Está bien que las congregaciones de ciclistas clamen por servidumbres de paso urbanas. Los amigos del poncho, que los hay, aunque no estén constituidos en asociación con estatutos y papeles —son, como quien dice, una organización de hecho nada más—, también tienen derecho a reclamar su derecho a vestir prendas torcidas. Otra cosa es que se vayan a poner como uniforme oficial para la ceremonia de las Cabezadas, por ejemplo, aunque habría que pensarlo porque es vestimenta de abrigo y lo bastante suelta como para no tirar de la sisa a los esmerados concejales el único día del año en el que hay constancia de que doblen el espinazo en horario de trabajo.

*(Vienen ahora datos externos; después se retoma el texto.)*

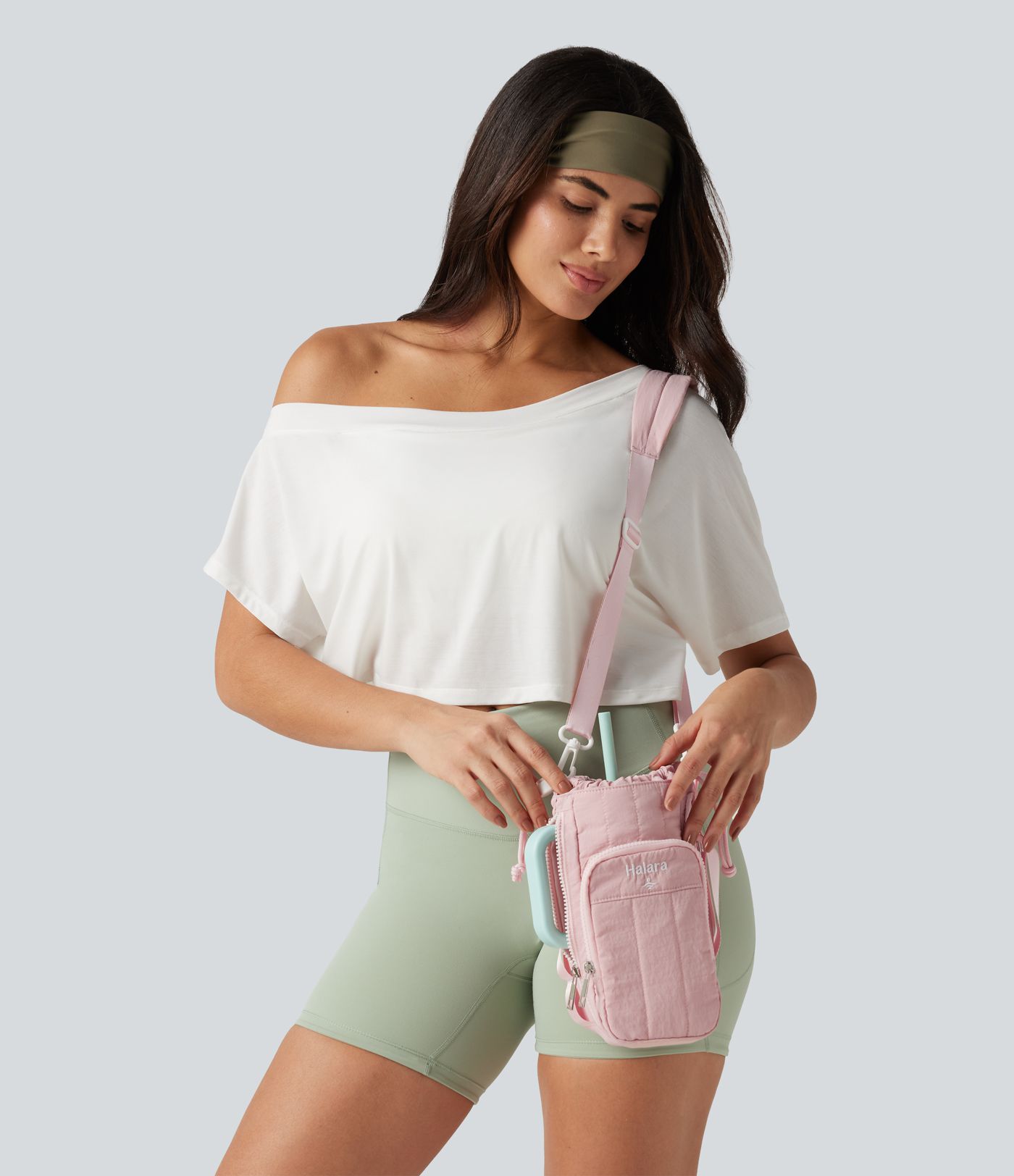 Yoga Crossbody Bag with Zipper Pocket 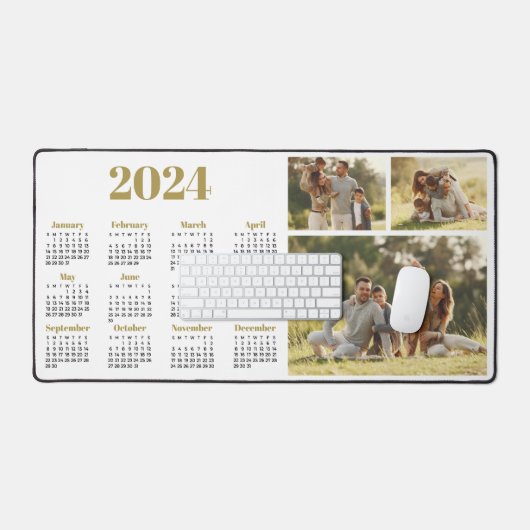 2024 Kalender en Fotocollage Bureaumat (Keyboard & Muis)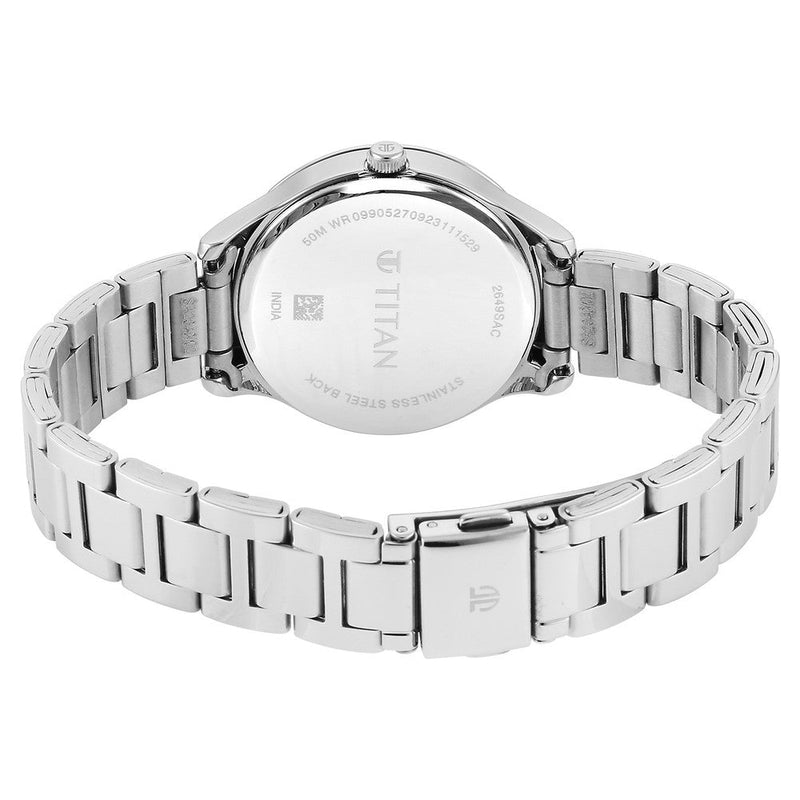 Titan Yin & Yang Silver Dial Analog Stainless steel Strap Watch for Women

Existen lugares donde se reúnen los amantes del baile, del monopatín o de las carreras de motos, igual que hay cotos de caza, pesca o setas. No vamos a pedir espacios nuevos para ciclistas, porque ya existen y los caros se llaman velódromos y los baratos, carreteras secundarias. El asfalto habitado de las ciudades no resulta demasiado bueno para ninguno de los deportes antes citados, pero sólo los ciclistas se empecinan en reivindicarlo, cuando la bicicleta, en el paisaje urbano de León, es poco menos que un unicornio azul. Hagan la prueba de contar las que pasan un lunes cualquiera por el carril-bici de Padre Isla, por ejemplo. Tengo la impresión de que en este asunto nuestros políticos se están dejando llevar por el pensamiento vago de lo políticamente correcto, que es siempre amable y adecuado como un eufemismo. Y los eufemismos están bien para el trato con personas susceptibles, pero se puede acabar discutiendo de lo que ni siquiera se estaba hablando. Ya lo decía Quevedo: «terminaremos llamando purpúreas calendas al menstruo femenino».